Quello delle false fatturazioni è un argomento alquanto delicato e spinoso, che ha visto succedersi nel tempo tantissimi rilievi e controversie, nonché una giurisprudenza non sempre univoca e conforme. Gli interrogativi sono diversi: come è possibile che l’imprenditore non si renda conto che sta contabilizzando una fattura falsa? Chi ha l’onere di dimostrare, in sede di accertamento, che l’operazione rappresentata dalla fattura non è mai stata posta in essere? Quali sono le conseguenze? Abbiamo preparato per voi un piccolo inquadramento del tema.
Sempre più spesso, in sede di accertamento viene contestato l’utilizzo di fatture false, che fanno cioè riferimento, secondo i verificatori, ad operazioni o a soggetti inesistenti. Le fatture, quindi, si dicono inesistenti:
- sul piano oggettivo, quando si riferiscono alla cessione di un bene o alla prestazione di un servizio in realtà mai avvenuta o avvenuta solo in parte;
- sul piano soggettivo, quando si riferiscono alla cessione di un bene o alla prestazione di un servizio realmente avvenuta, ma l’emittente la fattura non è il soggetto che ha effettivamente effettuato l’operazione, ma un terzo soggetto, estraneo all’operazione stessa.
Nel primo caso l’Amministrazione Finanziaria contesta sia la detrazione dell’IVA che la deduzione del costo da parte dell’acquirente. Se però i beni fittiziamente acquistati vengono altrettanto fittiziamente rivenduti, si assiste ad una “neutralizzazione” dei ricavi fino all’ammontare dei costi ritenuti indeducibili (art.8 del DL 16/2012: in sede di accertamento, i componenti positivi direttamente afferenti costi e spese non sostenuti, devono essere decurtati dal totale dei ricavi dichiarati dal contribuente, nella misura in cui i falsi costi non sono stati ammessi in detrazione). Nelle operazioni oggettivamente inesistenti è indubbia la partecipazione dell’acquirente alla frode: di norma non è possibile che un imprenditore riceva dei documenti e ne deduca gli importi senza aver comprato, di fatto, nulla.
La seconda fattispecie è abbastanza frequente e spesso nasconde la rivendita di merce acquistata “in nero”. In questo caso, infatti, la giacenza fisica di magazzino è ovviamente superiore rispetto la giacenza rilevabile dai registri di carico e scarico ed è pertanto necessario “bilanciare” tali giacenze con una falsa fattura di acquisto emessa da parte di un terzo soggetto compiacente.

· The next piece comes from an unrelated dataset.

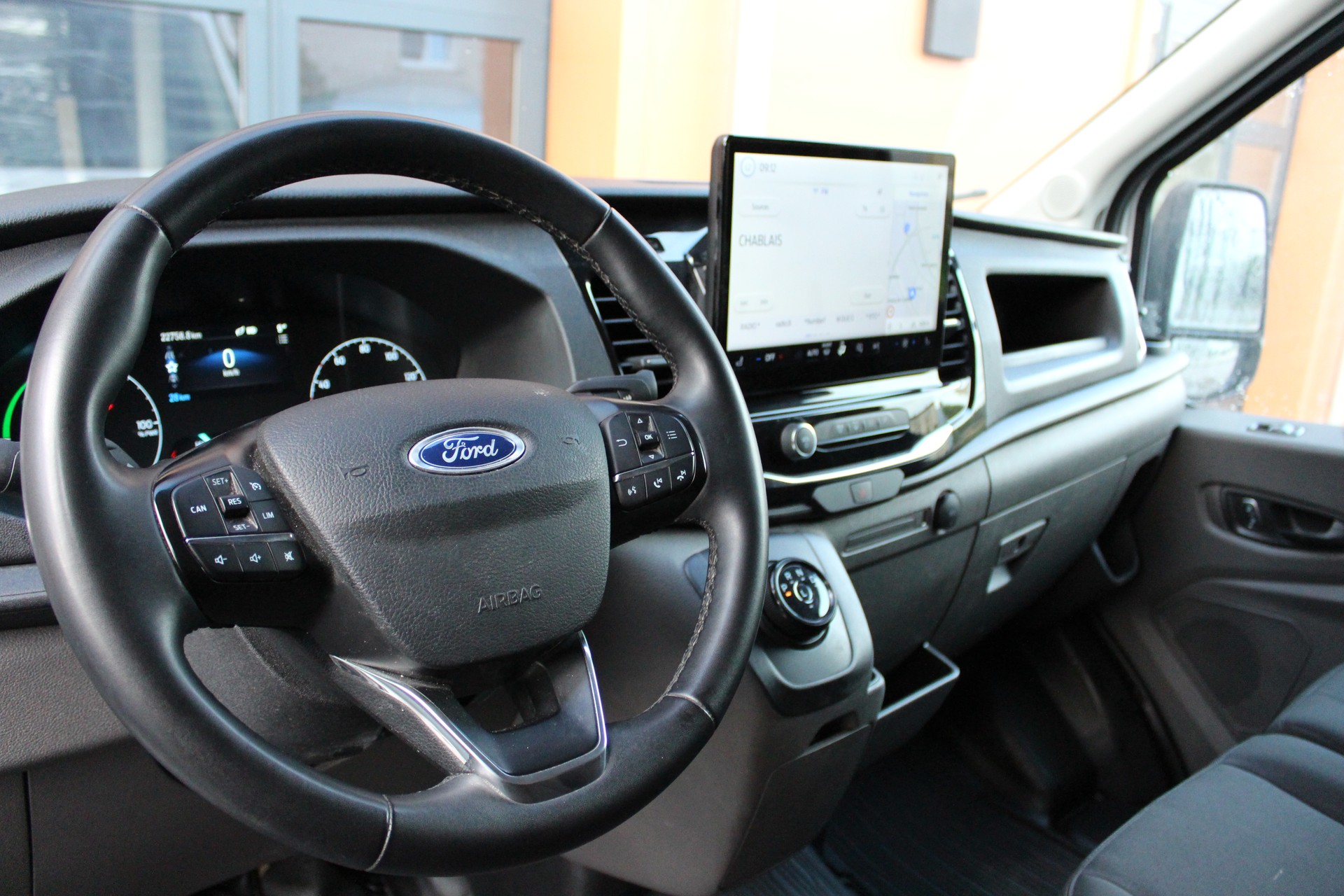 FORD Ford E-Transit Van 350 L2 Trend RWD 68kWh - "Garantie 7 ans / 150'000 km * Pack Led * Rabais Taxe Automobiles"-image-7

Nel ramo delle prestazioni di servizi, il caso più frequente è rappresentato da fornitori che emettono fatture, ma non sono in regola con gli adempimenti fiscali: per esempio, recentemente sono state rilevate nel settore edile prestazioni rese da soggetti titolari di partita IVA che emettono fattura ma omettono tutti gli adempimenti fiscali. L’amministrazione ritiene le fatture emesse soggettivamente inesistenti e contesta la detrazione dell’IVA da parte dell’acquirente (il quale però non conosce la posizione fiscale del proprio fornitore e non trae alcun beneficio dalla frode descritta).
Si possono riscontrare anche casi molto più semplici, casi in cui l’imprenditore non è consapevole del fatto di aver ricevuto una fattura falsa: per gli acquisti che si fanno su Internet, per esempio, come si può essere sicuri che il soggetto emittente la fattura sia anche il soggetto cedente?
E’ evidente che la questione della consapevolezza o meno dell’imprenditore di aver dedotto costi e detratto IVA a fronte di fatture soggettivamente inesistenti non è di poco conto, ed è infatti anche per questo motivo che le sentenze di Cassazione si sono succedute con esiti a volte discordanti.
Difficile individuare con certezza chi ha l’onere della prova. In linea generale e secondo il più recente orientamento della Cassazione, si può anche in questo caso operare un distinguo tra fatture oggettivamente inesistenti e fatture soggettivamente inesistenti:
- nel caso di operazioni oggettivamente inesistenti, deve essere l’Amministrazione Finanziaria a provare l’inesistenza delle fatture, quando fornisce elementi oggettivi che dimostrino in modo certo e diretto che l’operazione contestata non è mai avvenuta (sentenza n. 17959 del 24 luglio 2013);
- nel caso di operazioni soggettivamente inesistenti, spetta al contribuente che ha detratto l’IVA fornire la prova contraria che il cedente/prestatore non è un soggetto fittiziamente interposto e che l’operazione è stata realmente conclusa con esso (sentenza n. 16857 del 5 luglio 2013).